Abigail Ross Hopper, the chief executive of the Solar Energy Industries Association, said the guidance was an important step forward that would “spark a flood of investment in American-made clean energy equipment and components.”
“The U.S. solar and storage industry strongly supports onshoring a domestic clean energy supply chain, and today’s guidance will supplement the manufacturing renaissance that began when the historic Inflation Reduction Act passed last summer,” she said.
Congressional Republicans have already targeted the Biden administration’s climate legislation, saying that it fails to set tough guidelines against manufacturing in China and that it may funnel federal dollars to Chinese-owned companies that have set up in the United States.
The Biden administration is also dispensing funding to build up the semiconductor and electric vehicle battery industries.
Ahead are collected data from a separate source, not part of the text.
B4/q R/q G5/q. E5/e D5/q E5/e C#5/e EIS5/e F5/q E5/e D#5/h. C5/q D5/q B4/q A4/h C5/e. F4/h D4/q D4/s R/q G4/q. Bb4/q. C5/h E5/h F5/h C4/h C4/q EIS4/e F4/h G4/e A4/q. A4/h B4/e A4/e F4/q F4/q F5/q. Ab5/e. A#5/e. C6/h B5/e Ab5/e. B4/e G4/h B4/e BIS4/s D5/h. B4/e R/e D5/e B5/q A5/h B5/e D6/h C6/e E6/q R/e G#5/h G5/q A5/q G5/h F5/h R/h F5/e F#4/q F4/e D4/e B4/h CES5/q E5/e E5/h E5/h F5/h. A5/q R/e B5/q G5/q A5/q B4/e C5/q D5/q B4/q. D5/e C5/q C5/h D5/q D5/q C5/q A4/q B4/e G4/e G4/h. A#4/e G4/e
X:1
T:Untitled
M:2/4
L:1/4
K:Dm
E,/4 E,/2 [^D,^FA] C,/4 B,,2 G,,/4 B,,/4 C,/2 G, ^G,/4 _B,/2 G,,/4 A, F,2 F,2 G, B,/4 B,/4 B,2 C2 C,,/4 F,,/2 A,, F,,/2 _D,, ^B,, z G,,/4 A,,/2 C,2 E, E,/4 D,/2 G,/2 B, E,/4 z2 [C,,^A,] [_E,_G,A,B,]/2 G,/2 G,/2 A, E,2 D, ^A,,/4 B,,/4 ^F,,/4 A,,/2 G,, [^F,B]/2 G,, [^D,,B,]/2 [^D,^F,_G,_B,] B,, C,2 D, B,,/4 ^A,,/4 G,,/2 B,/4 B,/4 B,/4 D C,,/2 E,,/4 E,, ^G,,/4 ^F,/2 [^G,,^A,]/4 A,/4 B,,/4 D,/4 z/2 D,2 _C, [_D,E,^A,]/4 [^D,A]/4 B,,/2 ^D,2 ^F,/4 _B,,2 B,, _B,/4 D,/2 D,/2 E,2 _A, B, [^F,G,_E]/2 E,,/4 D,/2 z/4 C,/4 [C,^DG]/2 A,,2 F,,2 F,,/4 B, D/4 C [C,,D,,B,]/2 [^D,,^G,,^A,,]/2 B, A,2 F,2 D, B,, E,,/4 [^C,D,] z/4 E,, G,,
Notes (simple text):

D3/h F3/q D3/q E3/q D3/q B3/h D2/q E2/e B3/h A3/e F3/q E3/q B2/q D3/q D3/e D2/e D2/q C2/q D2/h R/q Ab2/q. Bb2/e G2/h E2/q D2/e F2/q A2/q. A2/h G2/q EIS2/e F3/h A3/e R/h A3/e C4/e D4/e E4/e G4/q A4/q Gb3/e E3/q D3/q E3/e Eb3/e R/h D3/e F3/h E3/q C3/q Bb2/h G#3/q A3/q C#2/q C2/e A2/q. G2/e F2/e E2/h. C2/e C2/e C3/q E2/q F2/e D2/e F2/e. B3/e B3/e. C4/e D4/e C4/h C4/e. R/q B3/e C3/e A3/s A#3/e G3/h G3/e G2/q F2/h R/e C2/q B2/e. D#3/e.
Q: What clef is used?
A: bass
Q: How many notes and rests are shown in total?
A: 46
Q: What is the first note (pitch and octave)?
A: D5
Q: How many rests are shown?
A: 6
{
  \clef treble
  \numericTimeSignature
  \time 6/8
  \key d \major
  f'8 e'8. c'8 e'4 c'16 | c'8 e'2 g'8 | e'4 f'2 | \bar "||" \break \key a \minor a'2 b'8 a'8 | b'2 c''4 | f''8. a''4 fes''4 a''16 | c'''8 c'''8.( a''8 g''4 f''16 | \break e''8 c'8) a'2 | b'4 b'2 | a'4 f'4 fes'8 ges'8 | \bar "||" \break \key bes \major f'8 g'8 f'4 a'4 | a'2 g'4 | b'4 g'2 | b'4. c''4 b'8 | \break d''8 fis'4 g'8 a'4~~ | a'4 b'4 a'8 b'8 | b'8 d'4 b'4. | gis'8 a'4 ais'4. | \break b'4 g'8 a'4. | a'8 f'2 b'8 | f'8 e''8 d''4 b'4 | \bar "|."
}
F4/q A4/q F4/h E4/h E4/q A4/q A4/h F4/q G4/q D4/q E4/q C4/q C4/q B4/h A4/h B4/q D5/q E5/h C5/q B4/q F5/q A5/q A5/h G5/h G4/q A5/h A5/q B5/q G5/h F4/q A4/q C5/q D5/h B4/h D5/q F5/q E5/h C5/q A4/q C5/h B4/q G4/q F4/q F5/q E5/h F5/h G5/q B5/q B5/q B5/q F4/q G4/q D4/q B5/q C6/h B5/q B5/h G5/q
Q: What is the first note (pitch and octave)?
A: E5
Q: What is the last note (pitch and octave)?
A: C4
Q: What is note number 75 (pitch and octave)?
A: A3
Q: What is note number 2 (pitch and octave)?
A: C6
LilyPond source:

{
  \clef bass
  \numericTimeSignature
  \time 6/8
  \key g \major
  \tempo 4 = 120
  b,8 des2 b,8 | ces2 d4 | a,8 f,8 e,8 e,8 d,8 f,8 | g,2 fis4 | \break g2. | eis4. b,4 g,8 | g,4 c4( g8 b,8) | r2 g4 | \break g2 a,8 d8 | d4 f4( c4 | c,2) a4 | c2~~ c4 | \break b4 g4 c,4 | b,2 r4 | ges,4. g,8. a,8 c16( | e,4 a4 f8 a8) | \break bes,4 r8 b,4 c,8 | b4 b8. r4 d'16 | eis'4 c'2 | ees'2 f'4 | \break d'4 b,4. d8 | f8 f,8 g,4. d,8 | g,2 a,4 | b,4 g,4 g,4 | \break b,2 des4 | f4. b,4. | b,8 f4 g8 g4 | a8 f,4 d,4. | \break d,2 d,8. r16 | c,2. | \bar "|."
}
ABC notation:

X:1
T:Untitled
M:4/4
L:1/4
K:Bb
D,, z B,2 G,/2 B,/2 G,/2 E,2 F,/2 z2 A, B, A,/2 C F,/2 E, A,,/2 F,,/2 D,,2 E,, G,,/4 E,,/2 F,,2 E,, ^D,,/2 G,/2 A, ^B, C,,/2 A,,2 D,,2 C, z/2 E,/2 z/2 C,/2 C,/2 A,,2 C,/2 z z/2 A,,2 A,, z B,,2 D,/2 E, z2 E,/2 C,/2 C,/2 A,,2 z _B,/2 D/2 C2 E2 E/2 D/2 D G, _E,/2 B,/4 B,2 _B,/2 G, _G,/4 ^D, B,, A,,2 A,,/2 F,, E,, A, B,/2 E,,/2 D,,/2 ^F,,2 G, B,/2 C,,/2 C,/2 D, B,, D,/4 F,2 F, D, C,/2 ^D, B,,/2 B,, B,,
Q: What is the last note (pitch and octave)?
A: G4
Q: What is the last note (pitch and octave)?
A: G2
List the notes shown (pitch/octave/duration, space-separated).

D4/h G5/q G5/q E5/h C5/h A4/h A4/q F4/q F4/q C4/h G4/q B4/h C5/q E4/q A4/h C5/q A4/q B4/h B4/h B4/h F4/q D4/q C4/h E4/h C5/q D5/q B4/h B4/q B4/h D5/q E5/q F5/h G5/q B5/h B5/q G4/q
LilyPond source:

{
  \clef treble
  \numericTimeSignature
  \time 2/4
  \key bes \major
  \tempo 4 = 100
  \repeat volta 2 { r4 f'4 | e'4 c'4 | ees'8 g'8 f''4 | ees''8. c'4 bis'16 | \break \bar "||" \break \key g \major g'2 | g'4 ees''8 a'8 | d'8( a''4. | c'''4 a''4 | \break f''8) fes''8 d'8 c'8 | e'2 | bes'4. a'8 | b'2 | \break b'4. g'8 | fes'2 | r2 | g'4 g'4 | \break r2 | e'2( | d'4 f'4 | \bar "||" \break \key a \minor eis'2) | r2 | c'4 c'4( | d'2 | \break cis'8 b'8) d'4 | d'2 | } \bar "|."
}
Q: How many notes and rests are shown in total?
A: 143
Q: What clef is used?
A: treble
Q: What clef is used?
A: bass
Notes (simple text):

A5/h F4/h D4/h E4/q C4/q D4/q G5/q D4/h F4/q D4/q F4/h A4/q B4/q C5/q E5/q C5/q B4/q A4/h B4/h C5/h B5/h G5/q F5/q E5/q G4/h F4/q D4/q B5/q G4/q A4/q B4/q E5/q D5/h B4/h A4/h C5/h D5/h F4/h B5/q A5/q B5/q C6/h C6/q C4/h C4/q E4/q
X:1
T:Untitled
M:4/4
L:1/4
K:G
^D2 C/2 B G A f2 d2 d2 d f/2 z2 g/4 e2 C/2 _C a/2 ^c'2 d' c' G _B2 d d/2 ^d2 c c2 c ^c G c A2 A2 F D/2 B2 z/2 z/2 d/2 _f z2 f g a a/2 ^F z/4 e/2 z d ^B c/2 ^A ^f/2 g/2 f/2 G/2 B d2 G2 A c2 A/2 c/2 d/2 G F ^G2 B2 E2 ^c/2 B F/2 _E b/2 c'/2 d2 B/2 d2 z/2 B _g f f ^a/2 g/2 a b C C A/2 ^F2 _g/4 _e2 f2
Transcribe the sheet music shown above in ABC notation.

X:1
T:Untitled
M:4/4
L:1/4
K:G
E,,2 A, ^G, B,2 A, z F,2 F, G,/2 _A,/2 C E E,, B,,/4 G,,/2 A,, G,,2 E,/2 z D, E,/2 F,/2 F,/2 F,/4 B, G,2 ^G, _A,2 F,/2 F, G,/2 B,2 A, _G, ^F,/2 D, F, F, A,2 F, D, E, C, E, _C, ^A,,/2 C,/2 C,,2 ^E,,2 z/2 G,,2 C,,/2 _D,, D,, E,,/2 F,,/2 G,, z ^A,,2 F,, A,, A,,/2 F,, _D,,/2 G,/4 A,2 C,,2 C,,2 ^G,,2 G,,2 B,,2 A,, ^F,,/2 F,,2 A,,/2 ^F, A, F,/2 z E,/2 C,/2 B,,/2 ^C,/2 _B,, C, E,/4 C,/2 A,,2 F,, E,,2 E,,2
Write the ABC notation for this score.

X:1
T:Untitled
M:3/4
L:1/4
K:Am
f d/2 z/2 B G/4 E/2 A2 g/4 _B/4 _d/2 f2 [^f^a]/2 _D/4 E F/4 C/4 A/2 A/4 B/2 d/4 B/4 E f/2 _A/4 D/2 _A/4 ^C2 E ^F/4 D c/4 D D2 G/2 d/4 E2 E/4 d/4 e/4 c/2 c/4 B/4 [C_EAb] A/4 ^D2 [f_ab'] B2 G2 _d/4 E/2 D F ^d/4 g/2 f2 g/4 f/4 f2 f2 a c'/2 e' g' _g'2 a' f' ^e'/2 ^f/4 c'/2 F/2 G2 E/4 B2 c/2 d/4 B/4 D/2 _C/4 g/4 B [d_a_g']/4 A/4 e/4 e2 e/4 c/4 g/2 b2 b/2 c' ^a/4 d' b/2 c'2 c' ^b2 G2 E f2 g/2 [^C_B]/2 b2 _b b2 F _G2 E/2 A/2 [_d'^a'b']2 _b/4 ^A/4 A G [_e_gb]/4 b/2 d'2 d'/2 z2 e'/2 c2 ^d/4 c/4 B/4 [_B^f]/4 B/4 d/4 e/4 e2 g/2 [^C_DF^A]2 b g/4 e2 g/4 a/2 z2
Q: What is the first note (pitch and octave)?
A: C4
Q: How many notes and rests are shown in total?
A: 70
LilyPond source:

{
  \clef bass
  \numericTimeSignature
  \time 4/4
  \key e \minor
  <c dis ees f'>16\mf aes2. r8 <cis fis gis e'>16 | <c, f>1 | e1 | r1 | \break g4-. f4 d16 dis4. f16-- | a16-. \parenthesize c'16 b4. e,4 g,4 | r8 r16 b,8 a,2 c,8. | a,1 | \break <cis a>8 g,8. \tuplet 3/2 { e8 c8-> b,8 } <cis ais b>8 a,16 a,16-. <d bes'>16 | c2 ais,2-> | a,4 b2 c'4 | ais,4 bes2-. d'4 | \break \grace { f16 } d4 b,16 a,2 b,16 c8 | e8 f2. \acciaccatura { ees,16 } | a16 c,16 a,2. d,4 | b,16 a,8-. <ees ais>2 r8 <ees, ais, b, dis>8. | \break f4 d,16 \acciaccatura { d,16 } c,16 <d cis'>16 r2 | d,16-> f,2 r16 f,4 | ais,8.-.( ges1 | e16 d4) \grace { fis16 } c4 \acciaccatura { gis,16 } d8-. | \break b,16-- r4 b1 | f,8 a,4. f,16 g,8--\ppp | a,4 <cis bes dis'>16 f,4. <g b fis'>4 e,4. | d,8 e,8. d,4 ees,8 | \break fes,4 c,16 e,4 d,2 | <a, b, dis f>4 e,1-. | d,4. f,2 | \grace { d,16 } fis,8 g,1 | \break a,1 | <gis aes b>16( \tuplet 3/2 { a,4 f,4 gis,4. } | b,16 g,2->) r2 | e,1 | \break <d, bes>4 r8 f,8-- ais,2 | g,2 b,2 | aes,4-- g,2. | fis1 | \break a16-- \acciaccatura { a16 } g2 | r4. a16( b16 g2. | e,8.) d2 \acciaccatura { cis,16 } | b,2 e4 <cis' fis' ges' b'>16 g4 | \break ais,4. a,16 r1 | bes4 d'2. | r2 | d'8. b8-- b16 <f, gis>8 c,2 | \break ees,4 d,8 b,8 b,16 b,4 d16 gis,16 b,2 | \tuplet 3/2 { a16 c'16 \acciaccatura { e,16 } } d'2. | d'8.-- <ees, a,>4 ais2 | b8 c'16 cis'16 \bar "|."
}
Guidelines for that money include limits on access to so-called foreign entities of concern, like Chinese-owned companies. But the Inflation Reduction Act does not contain guardrails against federal dollars going to the U.S. operations of Chinese solar companies.
In a congressional hearing on April 25, Representative Jason Smith, chairman of the House Ways and Means Committee, pointed to the Florida facilities of JinkoSolar, a Chinese-owned manufacturer, as being eligible for federal tax credits.
“Work at the plant involves robots placing strings of solar cells — which are largely sourced from China — onto a solar panel base,” a fact sheet released by Mr. Smith said.
Mr. Biden has also clashed with domestic solar manufacturers over a separate trade case that would see tariffs imposed on solar products imported from Chinese companies based in Southeast Asia.
Mr. Biden’s decision to waive the tariffs for two years angered Republicans and some Democrats in Congress, who said U.S.-based manufacturers deserved more protection. In recent weeks, the House and Senate approved a measure to reverse the president’s decision, which Mr. Biden is expected to veto.